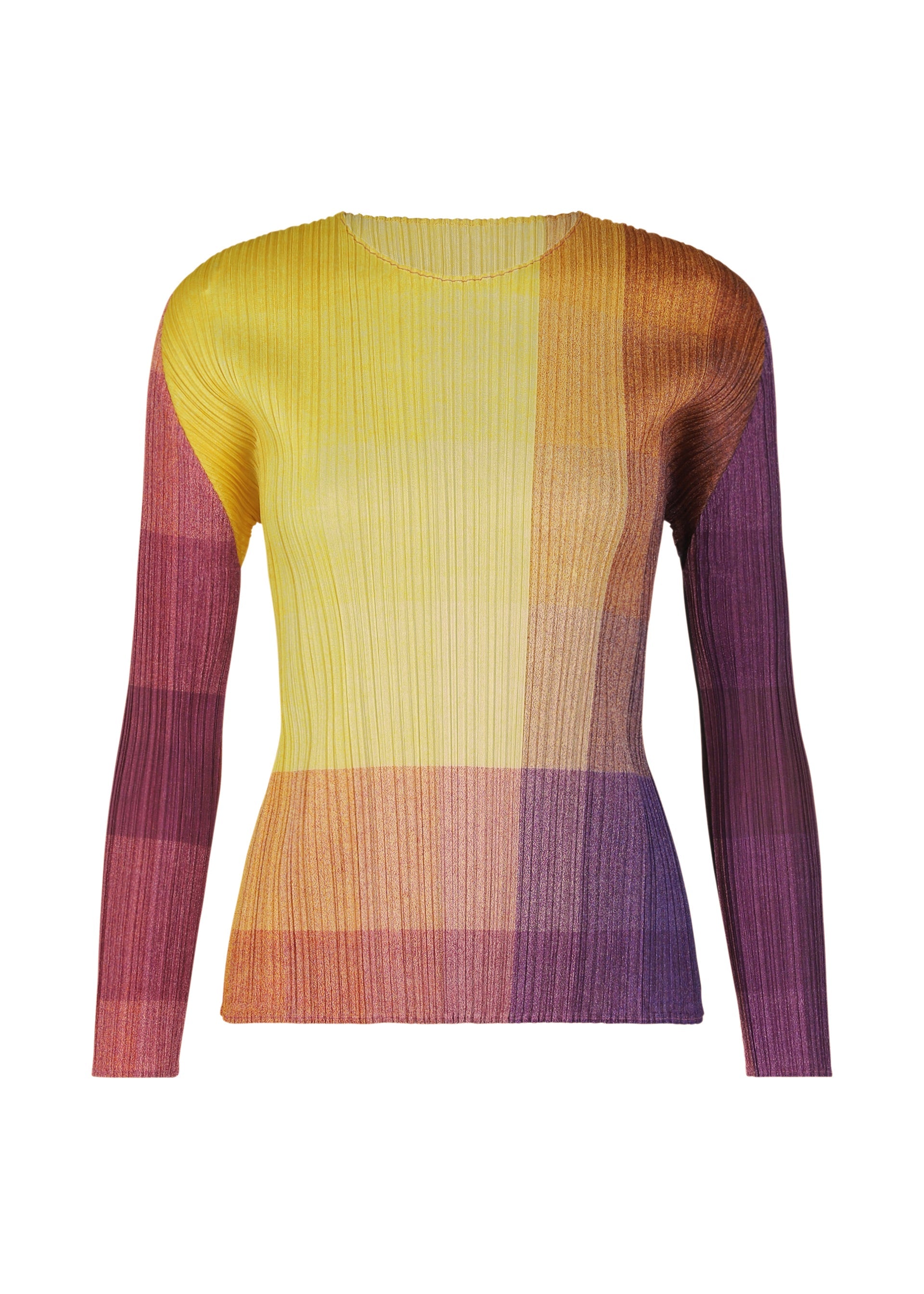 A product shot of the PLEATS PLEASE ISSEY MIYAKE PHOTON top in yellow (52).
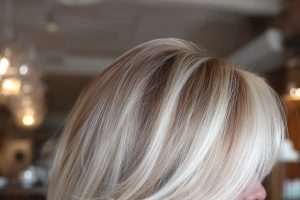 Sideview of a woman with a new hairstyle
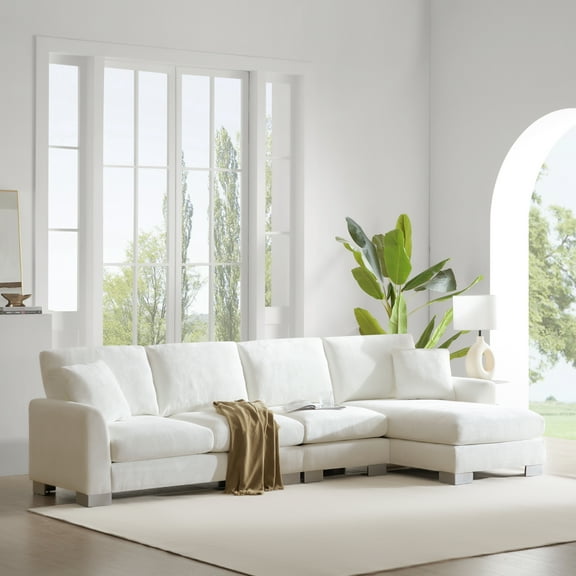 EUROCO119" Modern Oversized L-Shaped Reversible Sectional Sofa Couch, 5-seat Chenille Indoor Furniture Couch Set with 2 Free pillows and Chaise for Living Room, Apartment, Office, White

* * *

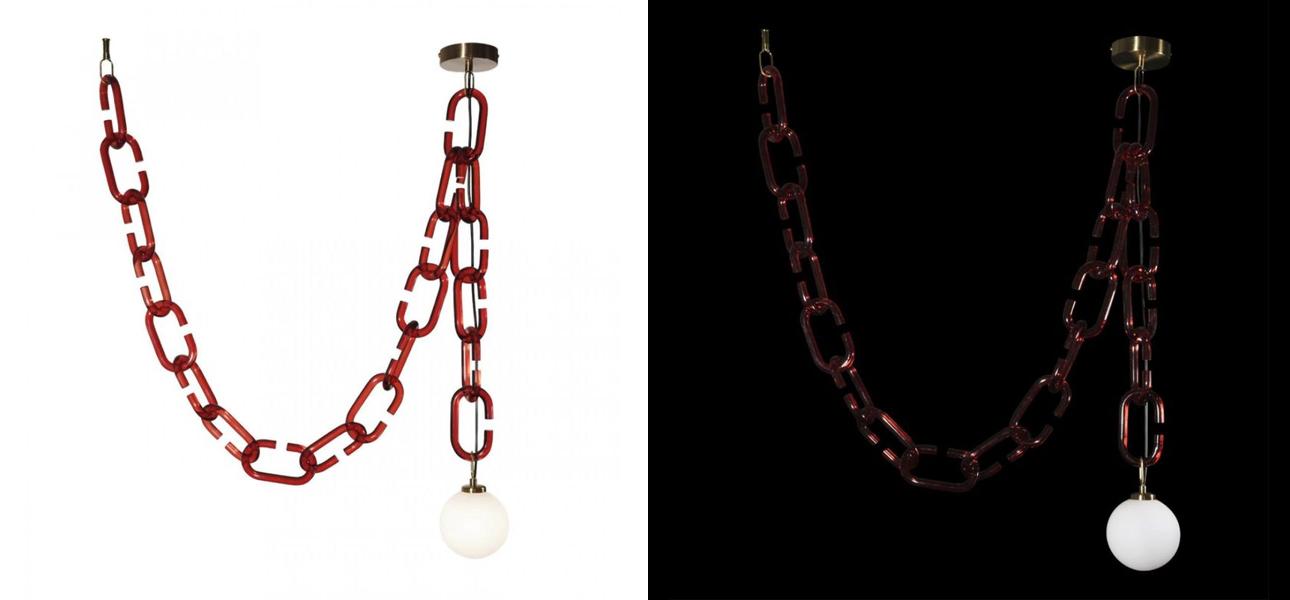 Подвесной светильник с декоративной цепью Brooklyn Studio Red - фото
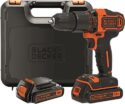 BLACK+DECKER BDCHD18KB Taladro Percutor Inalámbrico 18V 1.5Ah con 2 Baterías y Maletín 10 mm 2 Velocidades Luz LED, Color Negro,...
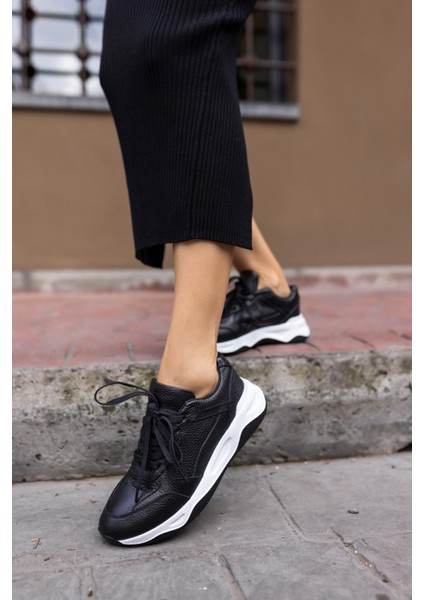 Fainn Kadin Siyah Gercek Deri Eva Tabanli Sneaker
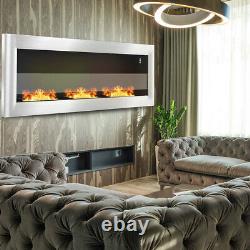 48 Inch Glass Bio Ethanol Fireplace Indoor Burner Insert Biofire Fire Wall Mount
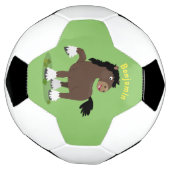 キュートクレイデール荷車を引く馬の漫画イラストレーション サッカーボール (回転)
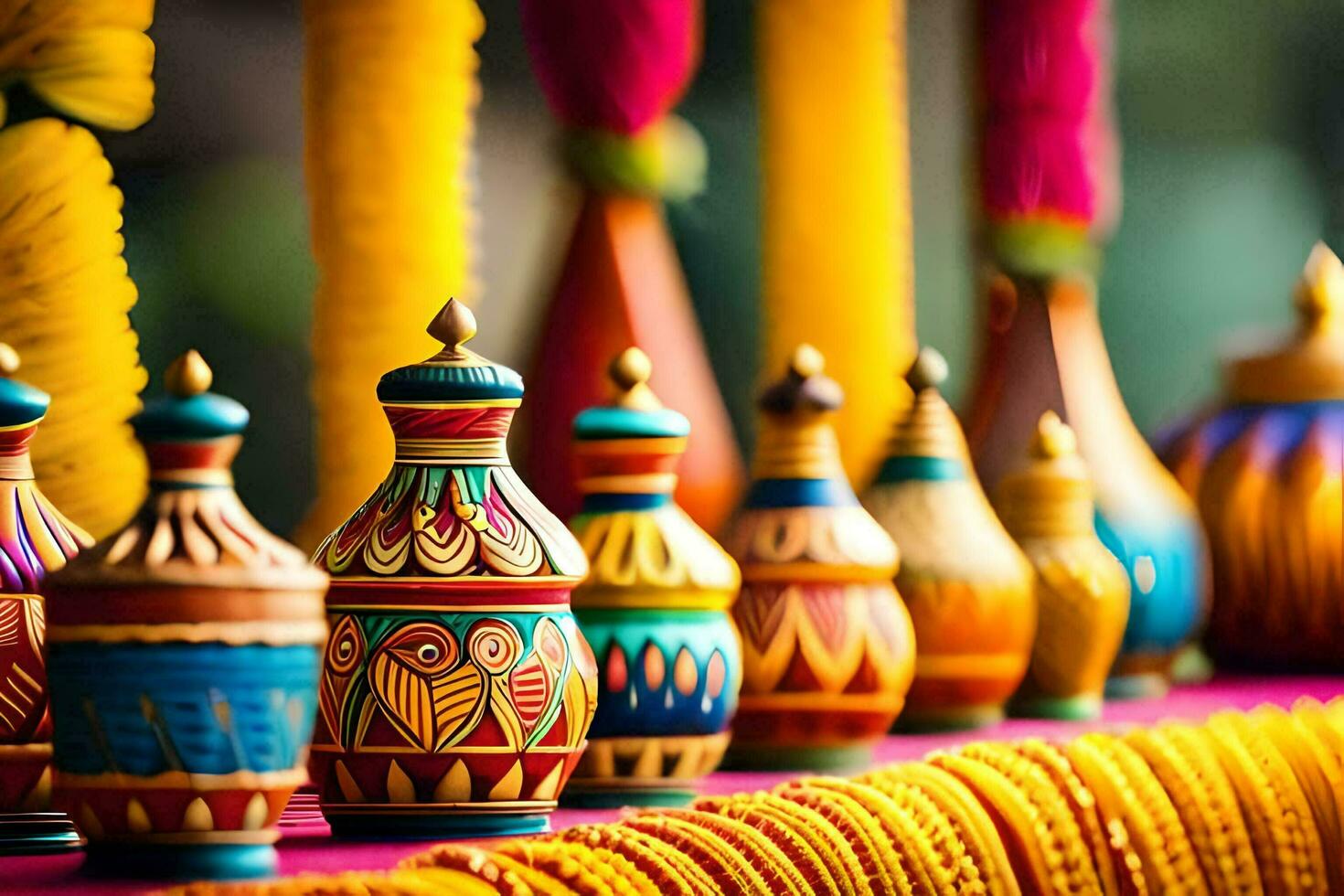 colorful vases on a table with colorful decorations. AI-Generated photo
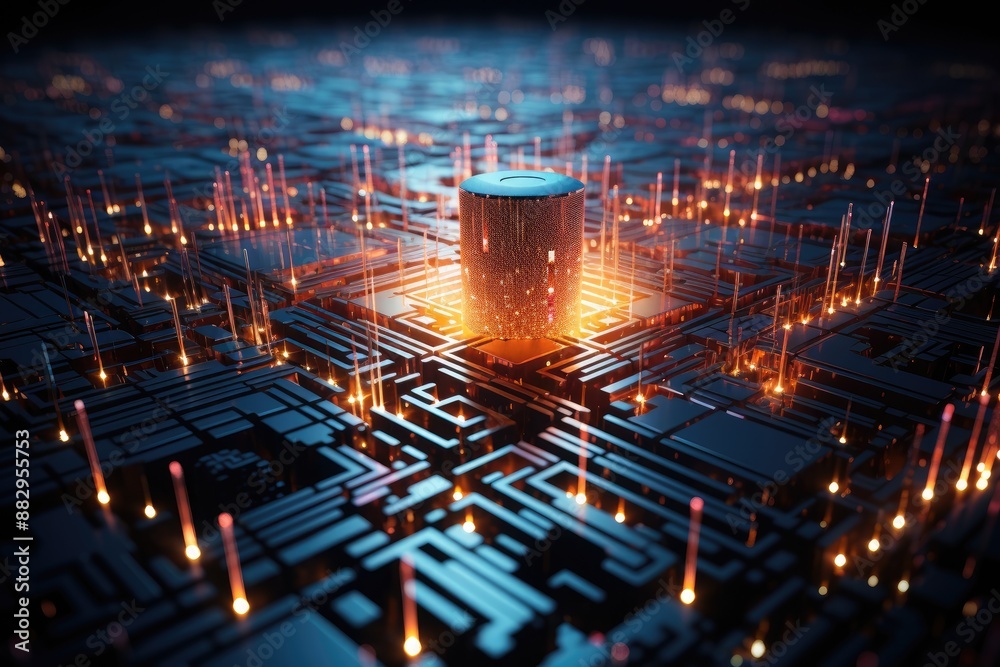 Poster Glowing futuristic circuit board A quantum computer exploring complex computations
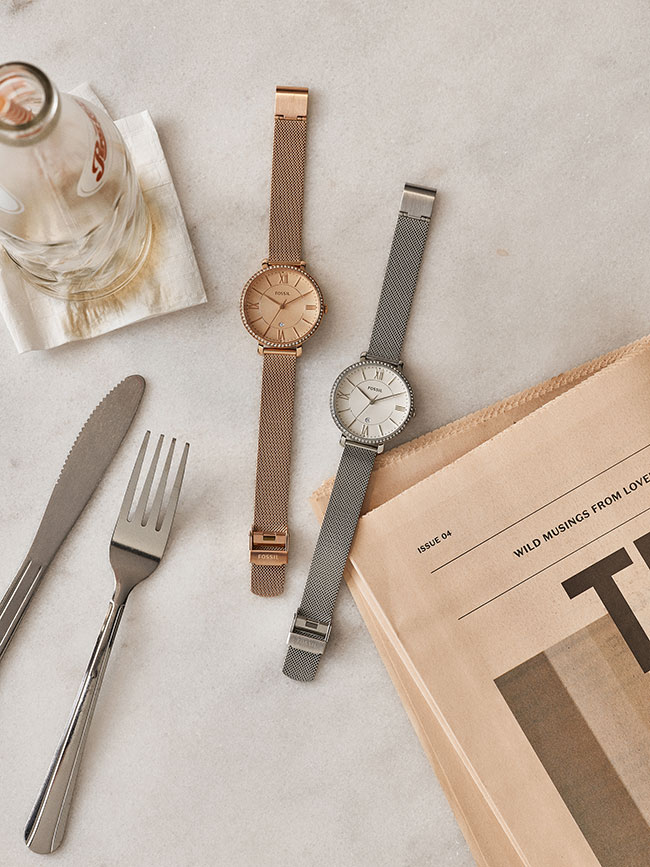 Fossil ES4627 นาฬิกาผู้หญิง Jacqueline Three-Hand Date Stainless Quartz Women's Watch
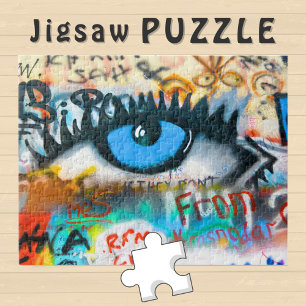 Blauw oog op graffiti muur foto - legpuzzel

- _WORK TO BE COMPLETED_:
Could you transcribe exactly the entries above, but only the lines from the one with "A product shot" through the one with "Apartment, Office, White", and without pictures?

- _EXPECTED ANSWER_:
 A product shot of the PLEATS PLEASE ISSEY MIYAKE PHOTON top in yellow (52).
 Sideview of a woman with a new hairstyle
 EUROCO119" Modern Oversized L-Shaped Reversible Sectional Sofa Couch, 5-seat Chenille Indoor Furniture Couch Set with 2 Free pillows and Chaise for Living Room, Apartment, Office, White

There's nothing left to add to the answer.